Но главная черта, которую я унаследовал и которая у моей матери имелась лишь на бессознательном уровне, заключалась вот в чем: тратя деньги на других, в первую очередь — на близких, она как бы откупалась от них. Не потому, что мало любила, но потому, что почти ничего — кроме как зарабатывать деньги — не умела. Кое-как готовить она научилась лет в семьдесят, тогда же освоила нитку с иголкой на уровне пришивания пуговицы (хотя вдевать нитку приходилось мне; она уже неважно видела), стала мыть посуду, подметать, стирать мелочь, — хотя полы нам мыли соседи, а одежда и белье неизменно отправлялись в прачечную.
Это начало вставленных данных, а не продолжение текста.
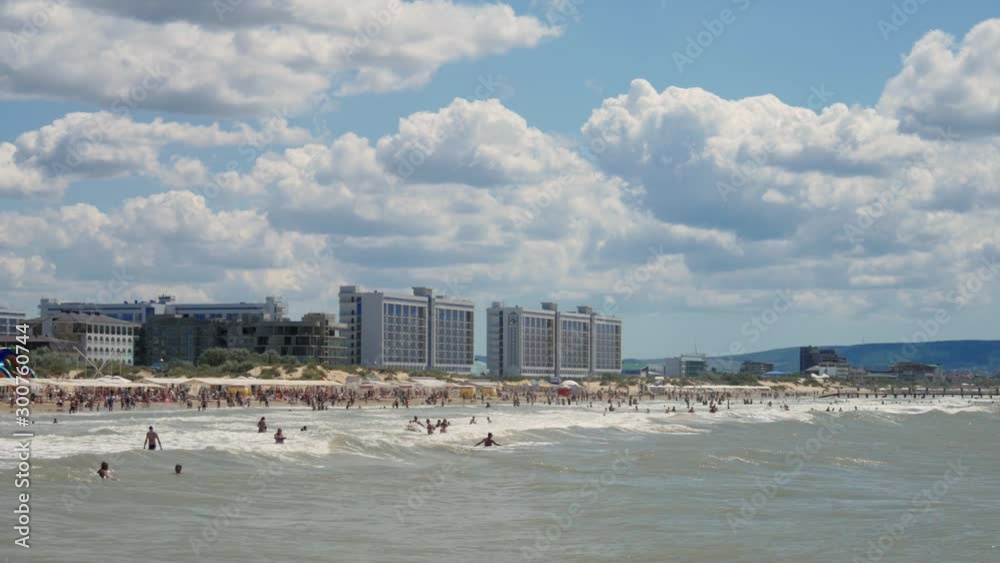 Big waves on the sea beach, people swimming in the background. Big waves on the sea beach, people swimming in the background.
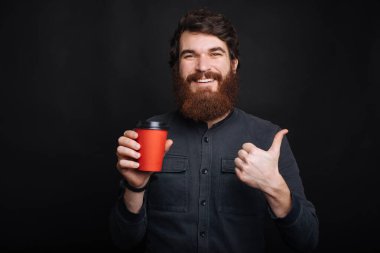 Gülümseyen sakallı hippi elinde bir fincan kahveyle baş parmağını kaldırıyor.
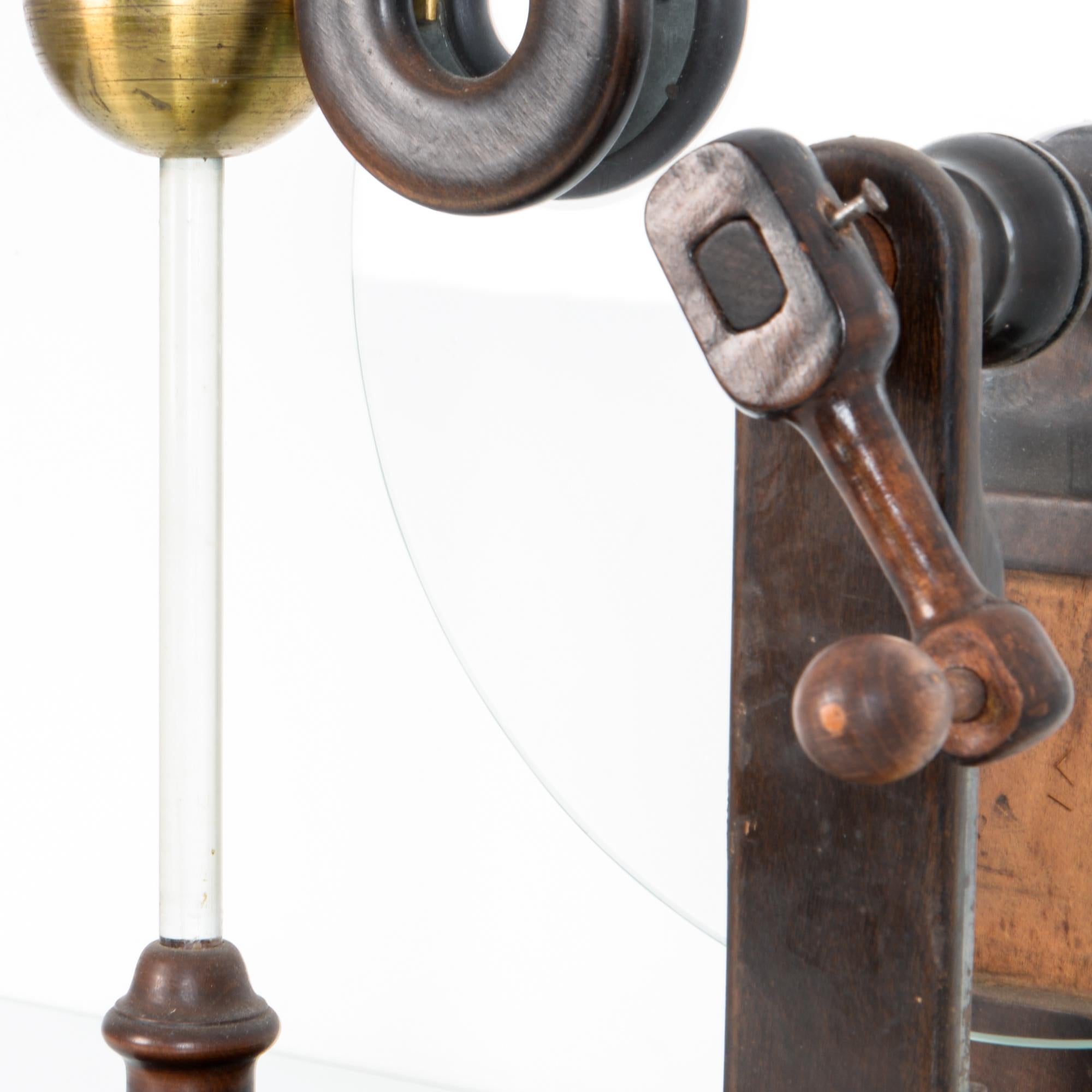 A tabletop wood, brass, and glass apparatus, this didactic instrument was used to demonstrate the production of static electricity. A beautiful design object, shows the attention to detail taken in constructing scientific instruments, in typical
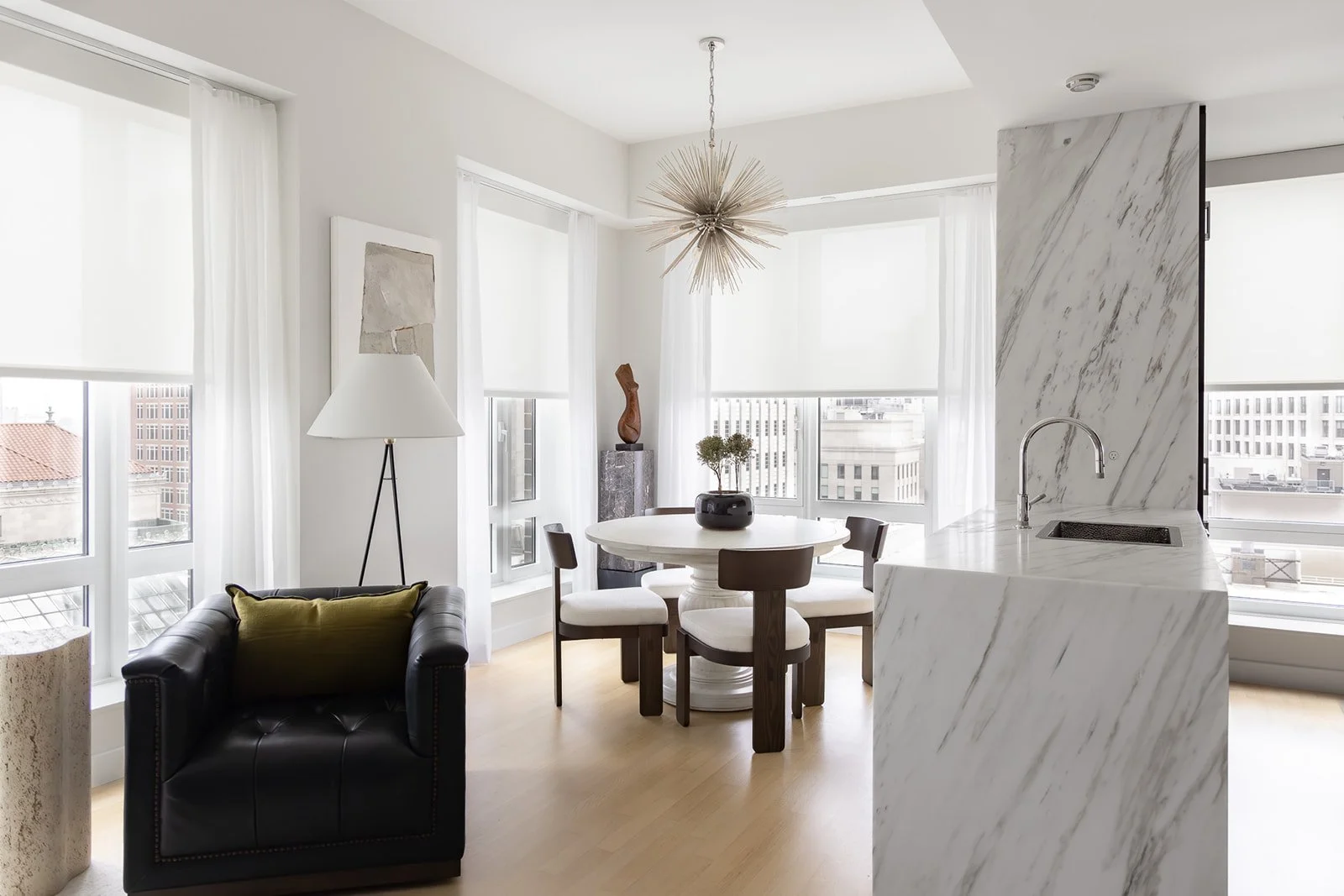 Open space dining room and kitchen in Boston's Back Bay, showcasing rich, tactile materiality that invites a slower, more intentional pace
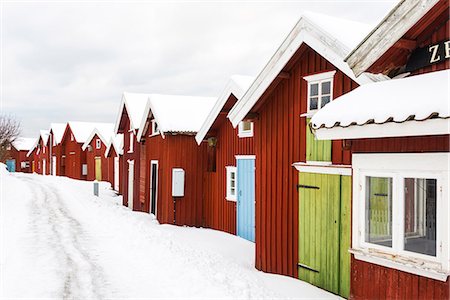 Fishing huts at winter, Halleviksstrand, Vastkusten, Orust, Bohuslan, Sweden Foto de stock - Royalty Free Premium, Número: 6102-08559324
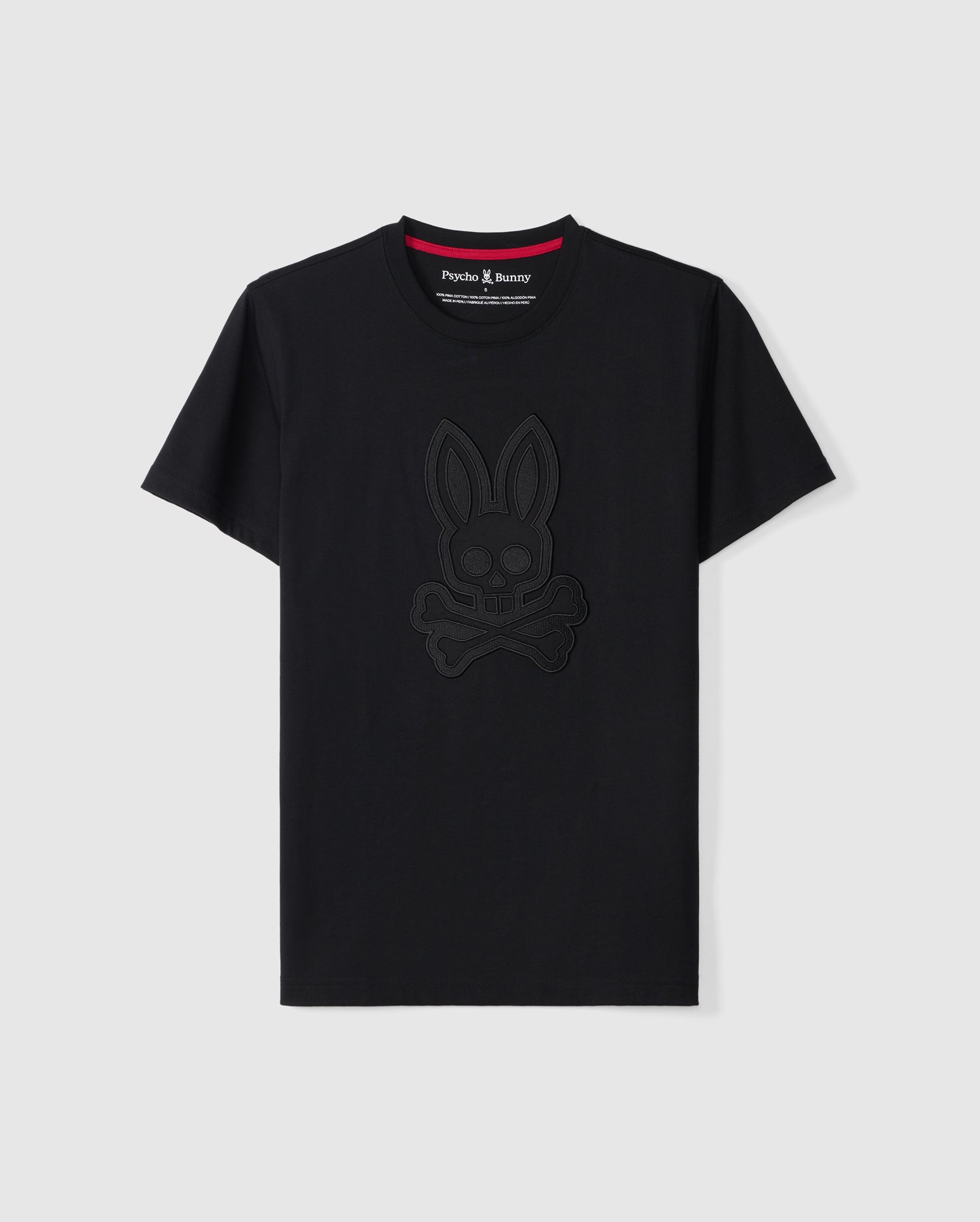 The MENS MALTON GRAPHIC TEE - B6U795D200 by Psycho Bunny is a black short-sleeve T-shirt made from luxurious Pima cotton. It showcases an embossed bunny with crossbones design on the front, featuring a contrasting red lining on the neckline and a small 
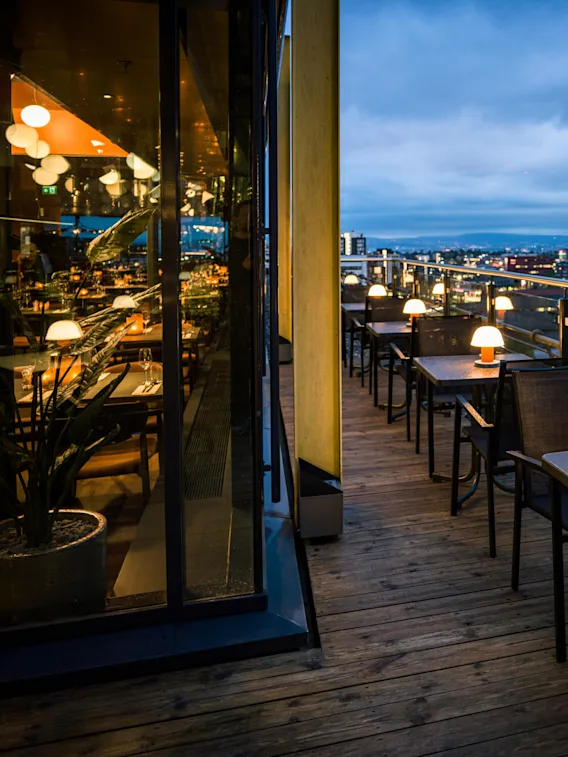 Outdoor dining tables with glowing lamps line a wooden terrace. The cityscape, visible at dusk beyond a glass railing, features a lit building displaying the word "TILIT."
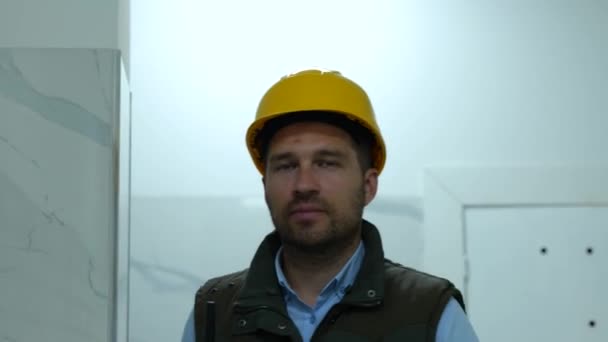 黄色のハードハット歩くと建物の建設現場を検査する幸せな男性のフォアマン 建物に沿って歩く建築家 工事の施工者コンセプト — ストック動画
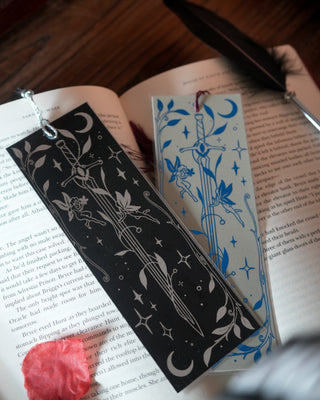 Two decorative bookmarks on an open book with a feather pen and red flower.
У нее не было времени воспитывать меня, пока такое было возможно, и этим занимались тетя и няня. Летом меня с тетей и няней отправляли на дачу или в Прибалтику (в самые трудные годы — в пионерлагерь), а мать присоединялась к нам в лучшем случае недели на две. Когда ее просили что-то сделать (помочь кому-нибудь), она предлагала деньги или, чаще всего, давала совет — стремление давать советы, когда их просят и когда не просят, является профессиональным заболеванием адвокатов. В поздние годы, отправляясь на дачу или все в ту же Прибалтику с тетей (а после тетиной смерти в 1979 году — с подругой; потом, после смерти подруги, — с другой подругой; потом — с третьей), она брала на себя основную часть расходов, препоручая компаньонке основную часть забот. Жить по средствам она не слишком умела — и неизменно оказывалась в конце лета в небольшом долгу у бедной, но куда более расчетливой спутницы.

Жили мы, пожалуй, странно: никогда не отказывая себе ни в еде, ни во внешне бессмысленных тратах, одеваясь (за исключением модницы тети) кое-как, устраивая званые вечера (еженедельно) и угощая гостей на щербатом фарфоре бабушкиных, если не прабабушкиных времен. Мебель была старинной и разностильной — ее сволокли в наши три комнаты из всей квартиры, поэтому угловой шкаф из кабинета соседствовал с трюмо, а козетка, на которой сиживал в свое время Плеханов, стояла возле буфета.

В доме было полно ваз (чаще всего подтреснувших) и поломанных фарфоровых украшений. Скажем, старинные часы с ангелами, голову одному из которых свернул в детстве я, а другому за тридцать лет до этого — мой дядя Валерий. Все или почти все мало-мальски ценное было продано или просто пропало в блокаду; однажды, в нелепом порыве, мать разобрала роскошную (правда, тоже щербатую) люстру на хрустальные бусы; псевдо-китайская (Дания конца прошлого века) напольная ваза — единственная фамильная ценность, сохранившаяся у меня по сей день: на одном боку — дом, на другом — дорога; время от времени я по настроению разворачиваю ее то так, то этак.

Уже на моей памяти куда-то запропастилась пожелтевшая брошюра с автографом Пушкина, невесть откуда, впрочем, и взявшаяся. Застал я и огромное плюшевое кресло из семейных «двенадцати стульев»: кресла были парными, в одно из них бабка зашила в гражданскую брильянтовые серьги и вспомнила об этом только перед войной, уже продав, естественно, именно его. Две вазы с изваяниями полуобнаженных нимф будили эротическое воображение, одну из них при довольно занятных обстоятельствах украли в 1986 году.